§ YOUR ASSIGNMENT:
Your answer should be every line with the word "showing", copied from the data below.

- - -

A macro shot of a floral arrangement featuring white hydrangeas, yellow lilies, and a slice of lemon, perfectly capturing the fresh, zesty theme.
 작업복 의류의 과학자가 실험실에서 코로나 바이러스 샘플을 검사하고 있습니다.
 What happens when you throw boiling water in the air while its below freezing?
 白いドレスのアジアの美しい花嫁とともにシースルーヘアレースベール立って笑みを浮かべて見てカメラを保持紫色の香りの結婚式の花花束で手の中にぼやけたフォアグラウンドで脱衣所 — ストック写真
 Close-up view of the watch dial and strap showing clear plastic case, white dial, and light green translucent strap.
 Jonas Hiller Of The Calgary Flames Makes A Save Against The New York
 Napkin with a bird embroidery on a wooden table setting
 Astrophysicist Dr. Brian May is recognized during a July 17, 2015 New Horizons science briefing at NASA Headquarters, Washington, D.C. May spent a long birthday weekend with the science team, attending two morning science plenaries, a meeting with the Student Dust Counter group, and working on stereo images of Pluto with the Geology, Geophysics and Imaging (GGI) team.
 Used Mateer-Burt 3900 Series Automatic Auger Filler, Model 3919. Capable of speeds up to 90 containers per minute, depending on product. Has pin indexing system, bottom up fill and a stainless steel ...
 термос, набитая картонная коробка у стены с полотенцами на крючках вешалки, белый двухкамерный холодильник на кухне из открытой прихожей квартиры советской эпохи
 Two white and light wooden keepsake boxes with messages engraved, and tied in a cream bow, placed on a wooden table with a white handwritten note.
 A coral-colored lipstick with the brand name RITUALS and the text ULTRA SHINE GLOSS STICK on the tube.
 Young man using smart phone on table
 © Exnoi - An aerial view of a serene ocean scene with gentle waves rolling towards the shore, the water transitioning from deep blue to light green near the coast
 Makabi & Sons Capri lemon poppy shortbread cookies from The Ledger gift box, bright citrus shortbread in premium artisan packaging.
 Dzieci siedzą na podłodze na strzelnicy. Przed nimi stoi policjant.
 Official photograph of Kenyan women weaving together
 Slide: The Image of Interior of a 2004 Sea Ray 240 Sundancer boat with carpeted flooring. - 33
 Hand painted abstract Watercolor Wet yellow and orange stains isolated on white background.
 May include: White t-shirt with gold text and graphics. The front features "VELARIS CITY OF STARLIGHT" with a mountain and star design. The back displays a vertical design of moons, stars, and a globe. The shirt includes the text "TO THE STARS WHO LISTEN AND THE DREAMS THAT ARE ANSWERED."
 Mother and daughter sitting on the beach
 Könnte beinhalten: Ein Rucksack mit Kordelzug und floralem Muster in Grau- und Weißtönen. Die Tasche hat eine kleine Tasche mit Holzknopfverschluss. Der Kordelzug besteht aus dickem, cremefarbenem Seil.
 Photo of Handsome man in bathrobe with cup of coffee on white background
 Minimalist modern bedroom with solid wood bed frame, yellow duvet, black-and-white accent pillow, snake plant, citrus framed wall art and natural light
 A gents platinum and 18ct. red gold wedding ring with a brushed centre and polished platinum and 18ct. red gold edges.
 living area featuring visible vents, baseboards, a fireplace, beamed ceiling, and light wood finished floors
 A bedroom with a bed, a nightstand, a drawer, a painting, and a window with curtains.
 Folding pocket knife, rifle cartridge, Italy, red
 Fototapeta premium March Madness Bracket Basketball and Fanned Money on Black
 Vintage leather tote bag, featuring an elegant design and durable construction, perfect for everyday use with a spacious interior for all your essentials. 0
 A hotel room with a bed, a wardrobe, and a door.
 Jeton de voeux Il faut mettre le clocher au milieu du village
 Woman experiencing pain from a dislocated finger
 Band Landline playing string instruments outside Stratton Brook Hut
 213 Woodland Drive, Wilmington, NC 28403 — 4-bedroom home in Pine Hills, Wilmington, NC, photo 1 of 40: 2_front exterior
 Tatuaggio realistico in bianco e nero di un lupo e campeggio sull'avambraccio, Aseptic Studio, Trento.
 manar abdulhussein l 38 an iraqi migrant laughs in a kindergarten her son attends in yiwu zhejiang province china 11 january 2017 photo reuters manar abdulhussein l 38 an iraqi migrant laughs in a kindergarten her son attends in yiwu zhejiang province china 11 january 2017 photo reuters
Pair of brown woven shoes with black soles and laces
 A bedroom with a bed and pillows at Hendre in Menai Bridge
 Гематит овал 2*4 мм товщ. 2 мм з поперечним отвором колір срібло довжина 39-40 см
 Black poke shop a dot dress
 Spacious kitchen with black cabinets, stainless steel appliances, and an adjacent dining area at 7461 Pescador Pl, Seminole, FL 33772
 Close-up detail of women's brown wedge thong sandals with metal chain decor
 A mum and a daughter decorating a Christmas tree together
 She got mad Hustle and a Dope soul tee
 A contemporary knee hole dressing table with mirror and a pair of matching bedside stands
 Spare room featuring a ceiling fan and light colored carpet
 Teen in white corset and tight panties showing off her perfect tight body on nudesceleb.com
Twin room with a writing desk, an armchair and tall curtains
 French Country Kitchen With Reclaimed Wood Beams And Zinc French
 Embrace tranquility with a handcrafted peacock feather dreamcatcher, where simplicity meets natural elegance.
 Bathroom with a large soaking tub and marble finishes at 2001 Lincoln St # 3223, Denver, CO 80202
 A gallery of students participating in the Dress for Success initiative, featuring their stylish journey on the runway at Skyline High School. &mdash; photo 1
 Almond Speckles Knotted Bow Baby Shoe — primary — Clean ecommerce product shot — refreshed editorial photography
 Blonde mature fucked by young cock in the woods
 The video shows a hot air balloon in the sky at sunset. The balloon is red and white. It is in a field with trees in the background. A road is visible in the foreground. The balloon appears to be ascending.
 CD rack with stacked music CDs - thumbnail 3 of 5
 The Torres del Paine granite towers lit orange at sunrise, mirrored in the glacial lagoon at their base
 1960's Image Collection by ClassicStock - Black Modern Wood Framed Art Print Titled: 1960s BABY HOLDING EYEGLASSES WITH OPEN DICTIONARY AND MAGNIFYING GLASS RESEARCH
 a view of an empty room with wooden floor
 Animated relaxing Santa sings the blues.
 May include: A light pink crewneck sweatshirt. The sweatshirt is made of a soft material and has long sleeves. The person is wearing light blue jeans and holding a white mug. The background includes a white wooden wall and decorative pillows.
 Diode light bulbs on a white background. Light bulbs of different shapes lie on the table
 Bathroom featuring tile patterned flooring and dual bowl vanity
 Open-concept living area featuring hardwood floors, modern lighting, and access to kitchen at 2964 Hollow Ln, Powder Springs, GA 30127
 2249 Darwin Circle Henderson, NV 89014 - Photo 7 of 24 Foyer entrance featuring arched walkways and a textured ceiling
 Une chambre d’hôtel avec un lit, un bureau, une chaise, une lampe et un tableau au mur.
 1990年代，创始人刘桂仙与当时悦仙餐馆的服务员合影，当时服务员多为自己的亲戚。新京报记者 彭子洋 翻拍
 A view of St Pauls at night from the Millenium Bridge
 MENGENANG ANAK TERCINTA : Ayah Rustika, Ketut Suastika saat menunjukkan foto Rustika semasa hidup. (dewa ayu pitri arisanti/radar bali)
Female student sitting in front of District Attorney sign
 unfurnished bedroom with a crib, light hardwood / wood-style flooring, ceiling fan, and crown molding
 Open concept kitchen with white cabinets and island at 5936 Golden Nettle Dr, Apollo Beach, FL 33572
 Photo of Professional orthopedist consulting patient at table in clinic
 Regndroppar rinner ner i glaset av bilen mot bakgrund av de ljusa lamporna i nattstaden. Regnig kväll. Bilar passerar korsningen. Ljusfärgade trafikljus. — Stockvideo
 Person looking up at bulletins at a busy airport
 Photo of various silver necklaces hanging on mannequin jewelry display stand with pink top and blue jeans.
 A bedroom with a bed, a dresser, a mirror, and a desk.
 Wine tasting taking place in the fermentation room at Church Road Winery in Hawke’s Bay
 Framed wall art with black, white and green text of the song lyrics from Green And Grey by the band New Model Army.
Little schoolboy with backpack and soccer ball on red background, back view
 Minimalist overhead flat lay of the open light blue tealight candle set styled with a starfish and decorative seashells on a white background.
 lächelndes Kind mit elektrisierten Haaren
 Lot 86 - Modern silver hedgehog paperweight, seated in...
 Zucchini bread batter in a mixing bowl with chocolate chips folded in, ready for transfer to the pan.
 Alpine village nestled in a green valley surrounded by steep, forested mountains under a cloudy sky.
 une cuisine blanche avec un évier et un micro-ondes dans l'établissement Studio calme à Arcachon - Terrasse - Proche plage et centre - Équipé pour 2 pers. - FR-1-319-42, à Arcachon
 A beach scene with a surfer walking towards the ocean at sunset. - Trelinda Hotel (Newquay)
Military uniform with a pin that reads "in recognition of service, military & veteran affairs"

- - -

§ WRITTEN SOLUTION:
 Close-up view of the watch dial and strap showing clear plastic case, white dial, and light green translucent strap.
 Teen in white corset and tight panties showing off her perfect tight body on nudesceleb.com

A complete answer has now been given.